Matroni et moi : Dialogue de sourds
Scène

Matroni et moi : Dialogue de sourds

Force est de constater que Matroni et moi n’a pas pris une ride. Alexis Martin recrée la pièce en toute simplicité, misant sur le jeu et les ressorts comiques.

Il s’agit de l’un des rares textes comiques de notre dramaturgie à proposer, avec une égale maîtrise, tous les éléments gagnants: des dialogues savoureux, une mécanique humoristique bien huilée, des personnages bien dosés et un propos intelligent (la composante qui manque le plus souvent à l’appel, ici indéniablement présente).
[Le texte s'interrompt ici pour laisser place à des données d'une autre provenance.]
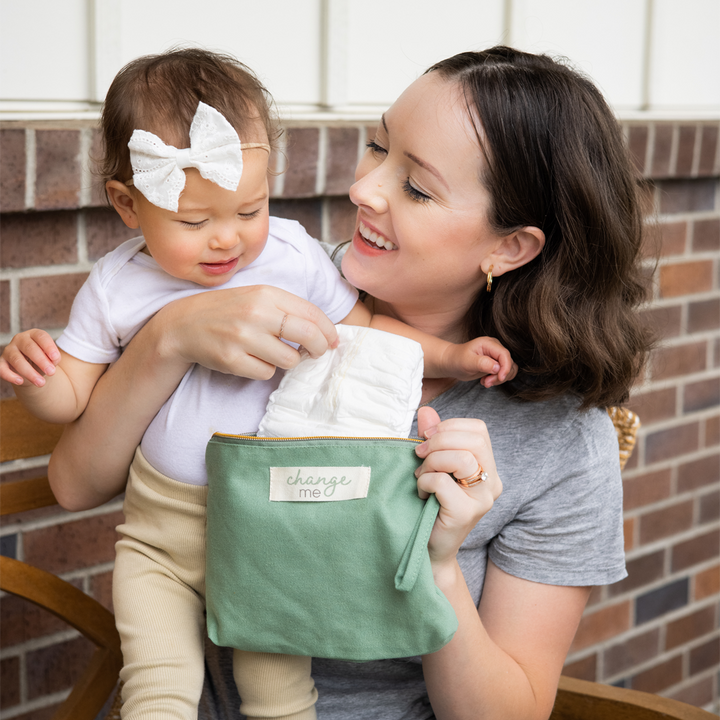 PEARHEAD NECESER 3PCS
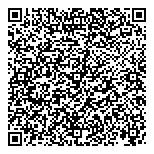 QR код "Аква-Плюс"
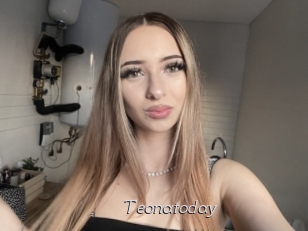 Teonatoday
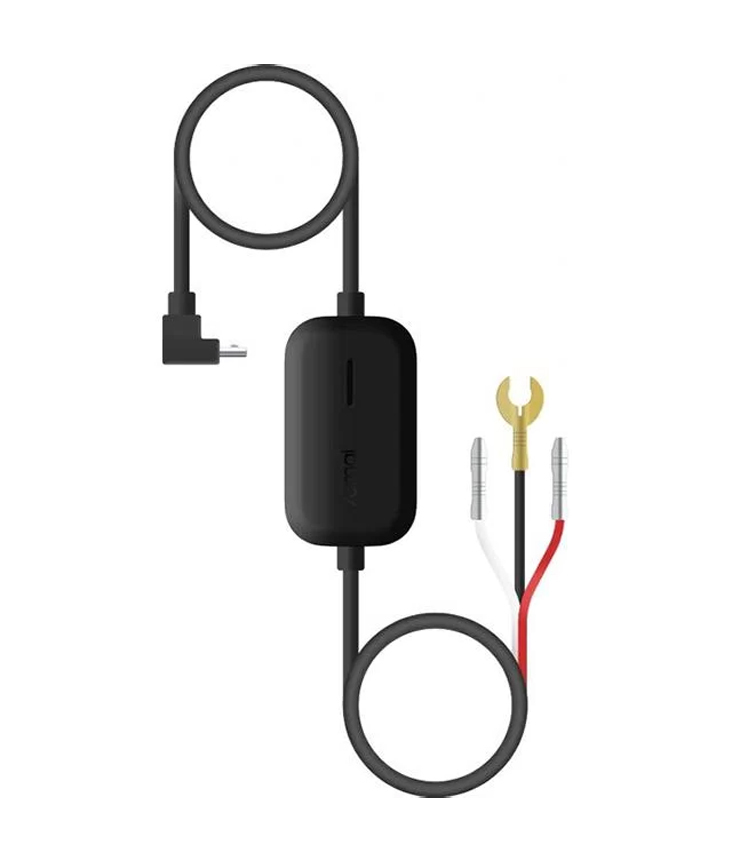 Xiaomi 70mai Hardware Kit Midrive UP03 for M500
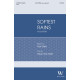 Softest Rains (SATB divisi)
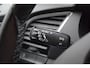 Skoda Fabia Combi 1.0 TSI Business Edition | BOVAG Garantie | Trekhaak | 15'' Velgen | Speed Limiter | Parkeersensoren Achter | Airconditioning | Apple Carplay/ Android Auto |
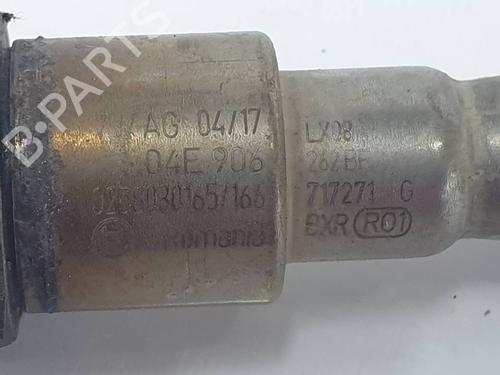 Electronic sensor SEAT LEON ST (5F8) 1.2 TSI | BP39074278M84 - Image 4
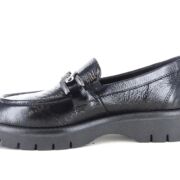 LARA SHOES 22036EVANAPLAK MOCASSINO DONNA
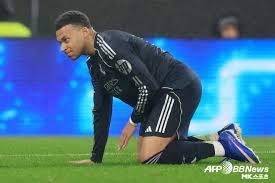 意媒CEO：基耶萨对加盟亚特兰大兴趣不大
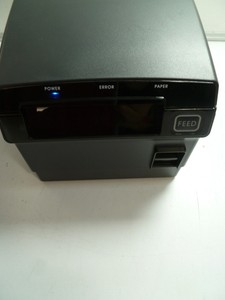 BIXOLON SRP-F312 DRIVER PC BIXOLON SRP-F312 DRIVERS (2019)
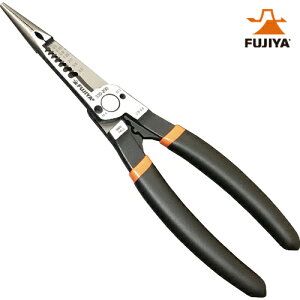 tW FUJIYA JjbNvC[ (1) iԁF330-200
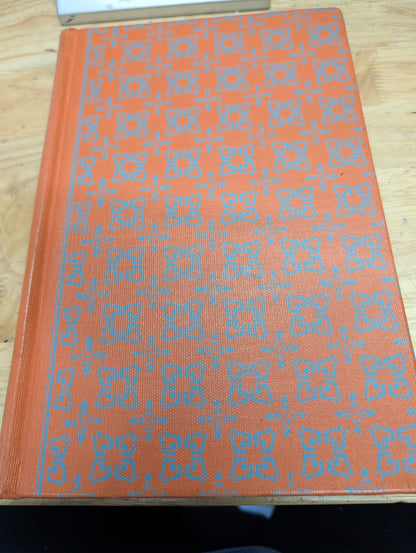 Cars of the early twenties vintage book would be great for junk Journal cover junk Journal, ephemera papercraft collage and mixed media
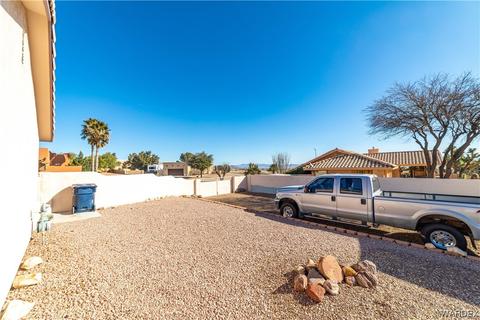 1388 E Storm Cloud Dr, Kingman, AZ 86409 photo 42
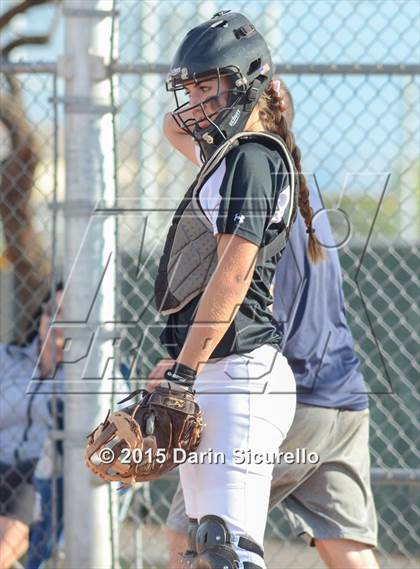 Thumbnail 3 in Mesquite @ Higley photogallery.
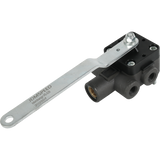 JDMSPEED 3341974 Height Control Valve Fits For Hendrickson Replaces Haldex VS-228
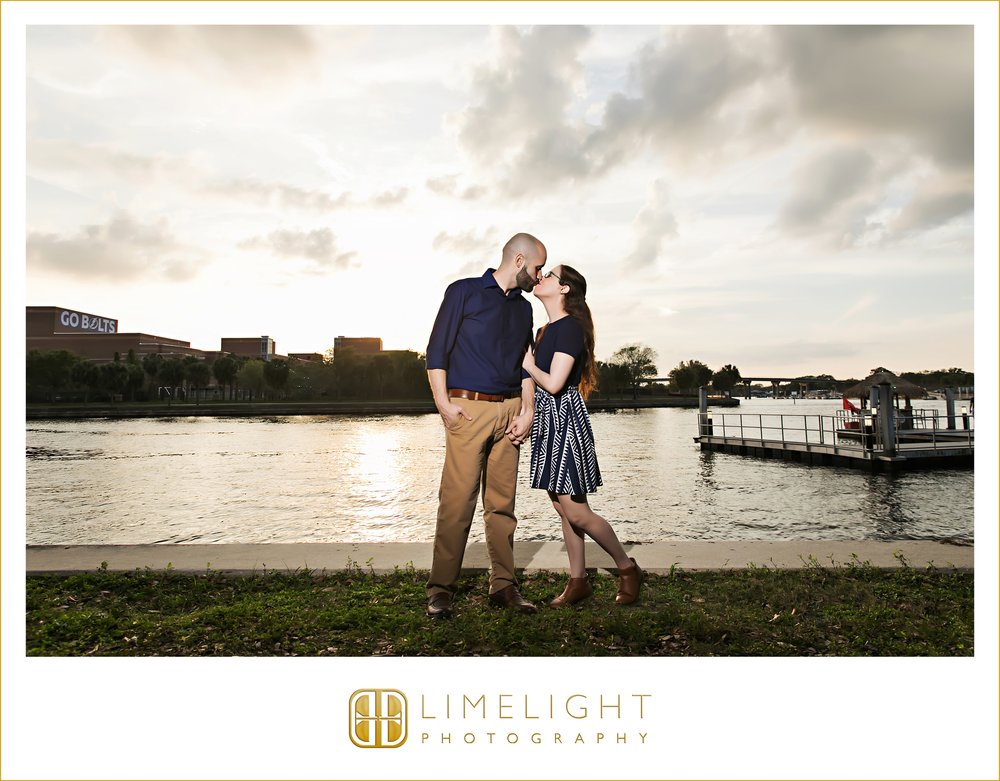 0007-Armature-Works-Tampa-Riverwalk-Engagement-Session.jpg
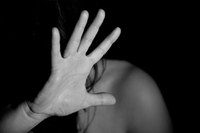 Sexual Assault - Part 3: Sexual violence as a Weapon of War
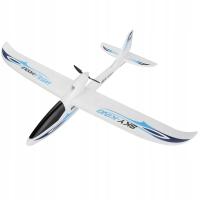 WLtoys F959S RC Plane SKY-King skrzydło stałe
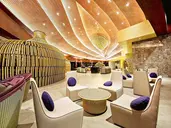 Graceland Khao Lak Beach Resort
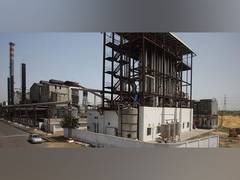 
      
      Milk Food Ltd. Announces Sale of Moradabad Plant Land
      
      
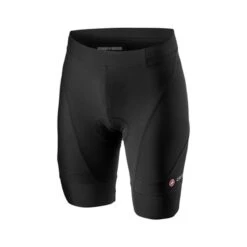 Castelli Endurance 3 Short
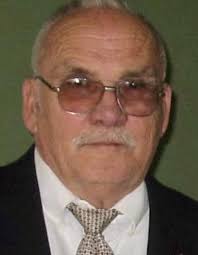 Robert Keiper Obituary (2019)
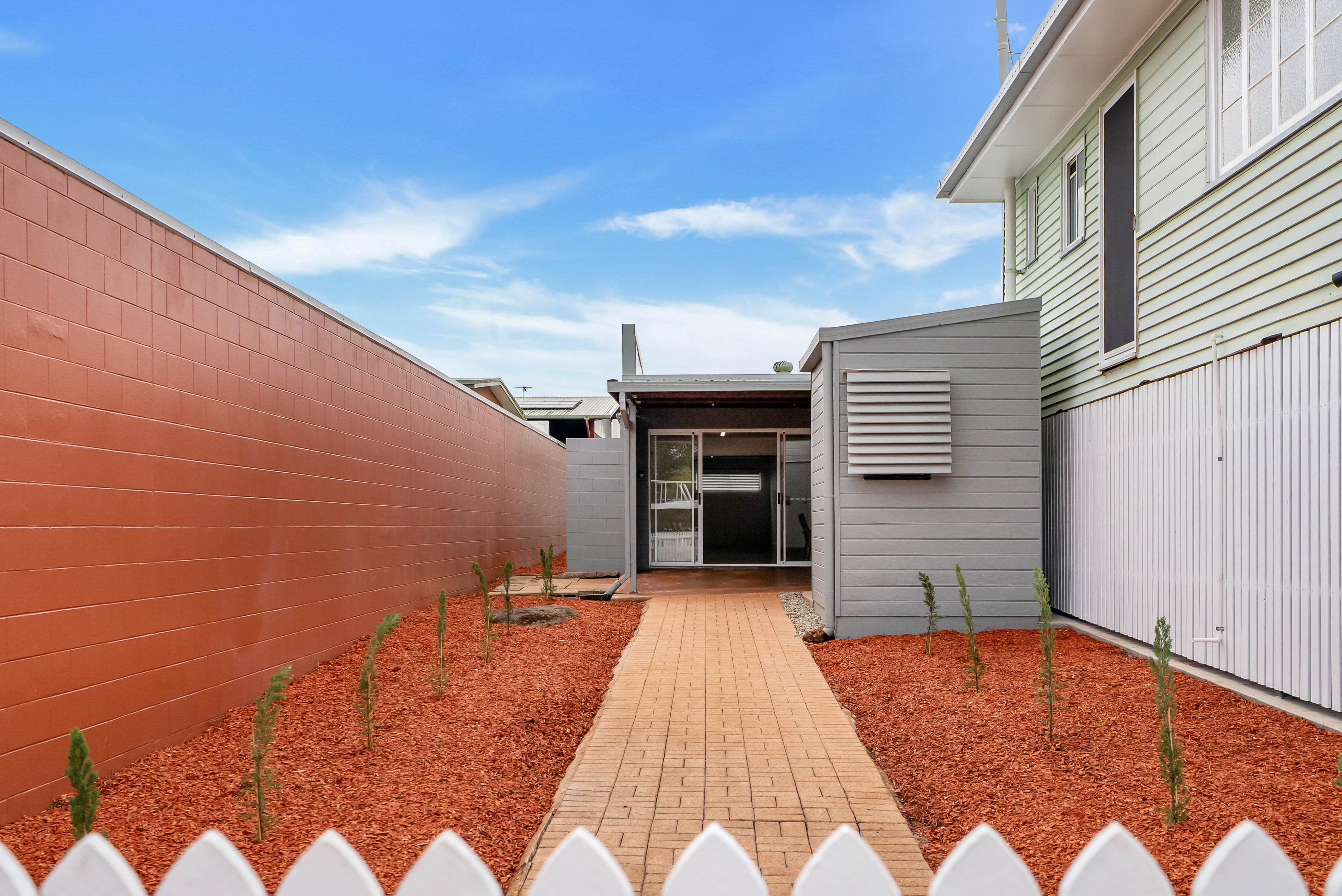 32 Mabel Street, Atherton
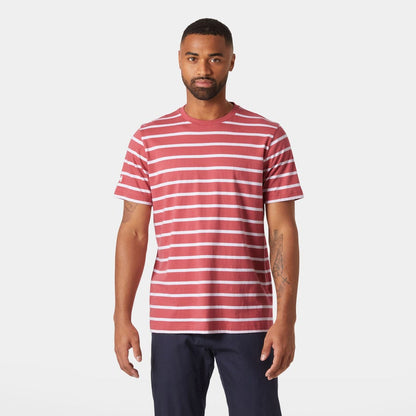 Men's Newport T-Shirt 2.0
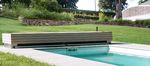 Pool Angebote 2021 - Frings Garten GmbH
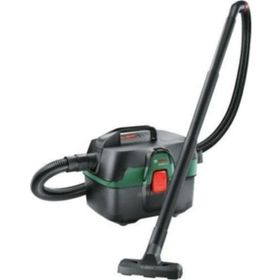 Bosch AdvancedVac 18V-8 Akülü Islak Kuru Elektrik Süpürgesi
Quinze ans après la modeste création de Matroni et moi par le Groupement forestier du théâtre et dix ans après l’adaptation cinématographique de Jean-Philippe Duval, rien de tout cela n’a perdu en efficacité.

On pourra certainement reprocher à Alexis Martin de nous présenter la pièce comme si c’était la première fois, sans chercher à recontextualiser ou à adopter une nouvelle perspective. Sa mise en scène est très fidèle à l’originale. Dommage, en effet, de s’en tenir à une lecture neutre de l’oeuvre, sans profiter de sa notoriété pour nous la présenter autrement et nous en faire voir une nouvelle facette. Reste que le texte est toujours aussi riche, que le choc des niveaux de langue est toujours aussi porteur de rires et de sens, que le discours sur l’éthique qui s’y construit est universel et toujours fort saisissant, même désamorcé par une bonne dose d’ironie. Il y a là un point de vue pertinent sur le Québec d’hier comme d’aujourd’hui, coincé dans sa langue, ses ambitions et son anti-intellectualisme comme dans son idéalisme de pacotille et ses désillusions.

Dans un décor réaliste mais épuré, avec son unique table et ses murs beiges, la folle nuit qui opposera le mafieux Matroni (Pierre Lebeau, égal à lui-même) au verbeux Gilles (François Létourneau, énergique et très typé) se déroule dans la plus grande tension. Tout passe par la langue: québécismes et accentuations loufoques chez Matroni et Bob (Gary Boudreault), diction pompeuse et emphatique chez Gilles et son père (Jacques L’Heureux), sans oublier quelques mimiques faciales et de subtils effets comiques avec les objets. Verres d’alcool et traînées de cocaïne occupent une place de choix dans le jeu de Lebeau, passé maître dans ce genre de mécanique. Émilie Bibeau reprend le rôle de Guylaine, jadis interprété par Guylaine Tremblay, avec naturel et désinvolture. Un bon moment de comédie.